D’inquiétants amalgames pour justifier l’interdiction de manifester ce samedi à Montpellier

Le Poing Publié le 14 mai 2020 à 21:04 (mis à jour le 14 mai 2020 à 21:38)
Dessin emprunté à la page Facebook de l'AG de lutte interpro de Rouen.

Au-delà de l’urgence sanitaire, le préfet de l’Hérault aligne des arguments purement policiers, qui justifieraient d’interdire tout nouveau rassemblement hebdomadaire des gilets jaunes.

Jacques Witkowski, préfet de l’Hérault, a rendu public deux arrêtés ce jeudi, portant interdiction de deux rassemblements prévus ce week-end à Montpellier. Passons rapidement sur le second, qui aurait été appelé dimanche après-midi, par trois organisations d’extrême-droite : la Ligue du Midi, Action française et Volontaires pour la France. La chose très mystérieuse est qu’il nous a été impossible d’en détecter la moindre trace en allant vérifier sur plusieurs sites internet et page Facebook de la fachosphère locale.

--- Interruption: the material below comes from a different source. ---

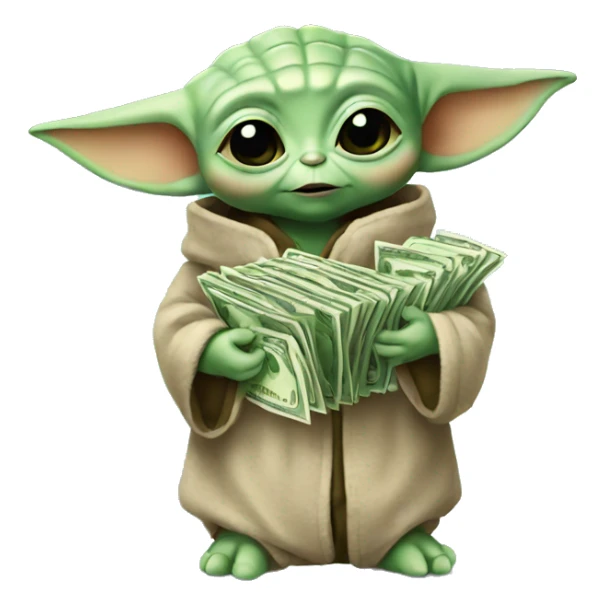baby yoda holding money sticker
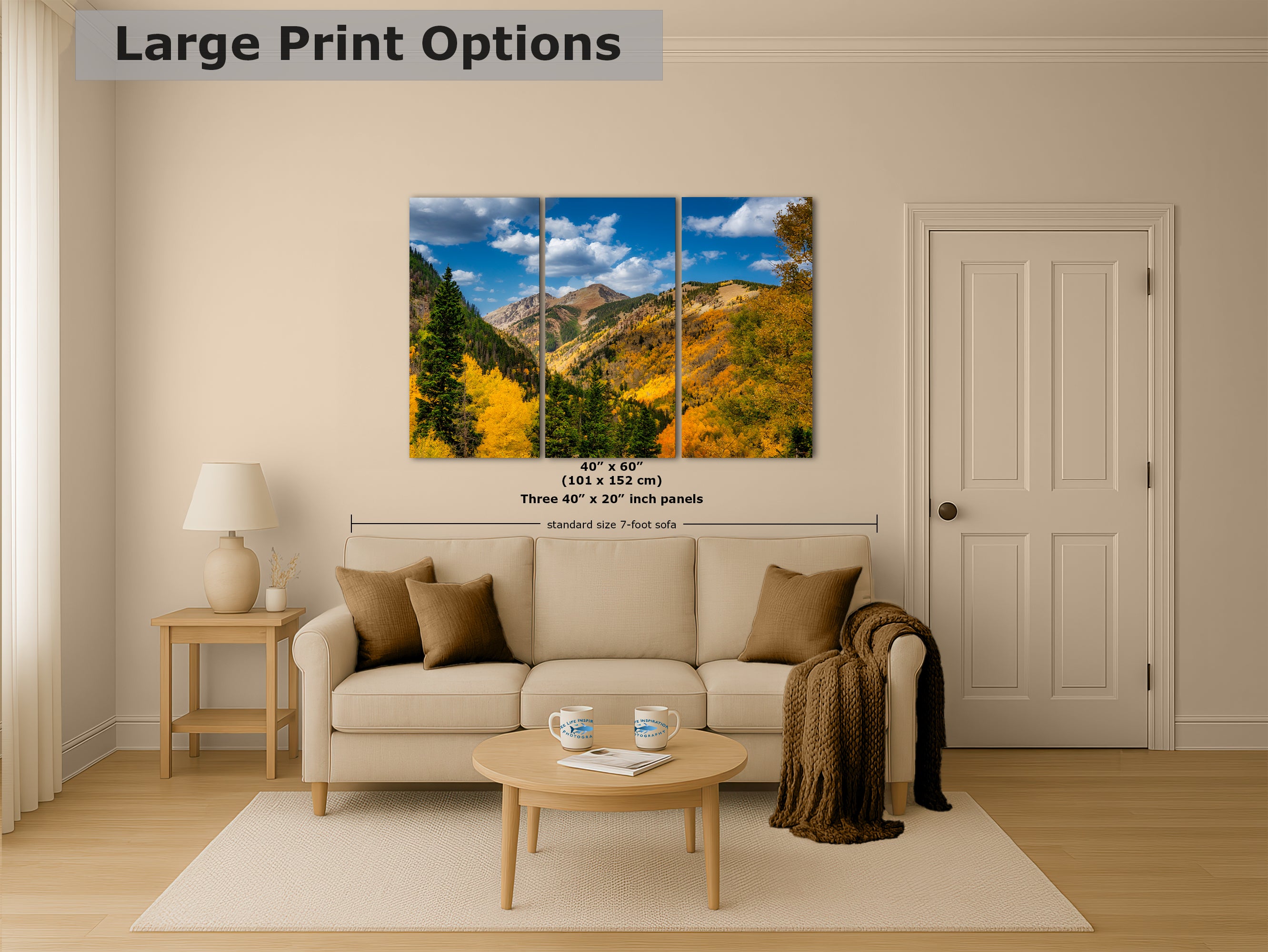 Colorado San Juan Mountains Picture, Fall Colors Nature Photo of Aspen Trees for Relaxation Meditation and Home Decor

En revanche, dans la presse mainstream, cette interdiction fantôme permet d’établir un amalgame commode avec un autre rassemblement très attendu pour ce samedi 16 mai à 14 heures sur la Comédie. Lui aussi interdit. Intitulé Déconfinons notre colère, des signes avant-coureurs remontaient au 19 avril déjà. À ce moment-là, Montpellier en résistance relayait un appel à une « sortie populaire et sociale du confinement ». Puis le 1er mai, une assemblé populaire dématérialisée en ligne confirmait et précisait le sens de cet appel : une fois exposée l’incurie gouvernementale dans la gestion de la crise, était exigée « la fin immédiate de l’état d’urgence sanitaire qui renforce l’exploitation des salariés, le harcèlement policier et nous prive de nos libertés ».

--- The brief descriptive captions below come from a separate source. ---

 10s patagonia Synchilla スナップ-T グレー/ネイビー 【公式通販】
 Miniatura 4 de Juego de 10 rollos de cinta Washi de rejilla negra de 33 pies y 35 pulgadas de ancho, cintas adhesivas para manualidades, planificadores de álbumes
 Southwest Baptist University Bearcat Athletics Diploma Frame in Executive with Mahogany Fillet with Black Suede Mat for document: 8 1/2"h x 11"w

Le préfet de l’Hérault l’a bien entendu de cette oreille. Son arrêté d’interdiction s’appuie certes sur les dispositions d’urgence sanitaire (gestes barrières, distanciation sociale, interdiction de tout rassemblement de plus de dix personnes). Il y consacre cinq des « considérants » qui fondent sa décision. Mais y a-t-il encore des naïfs pour ne pas saisir la logique liberticide qui s’y rattache ? Il faut alors compter les « considérants » en plus grand nombre (sept au total) qui, eux, ne traitent que de considérations policières, et finalement politiques.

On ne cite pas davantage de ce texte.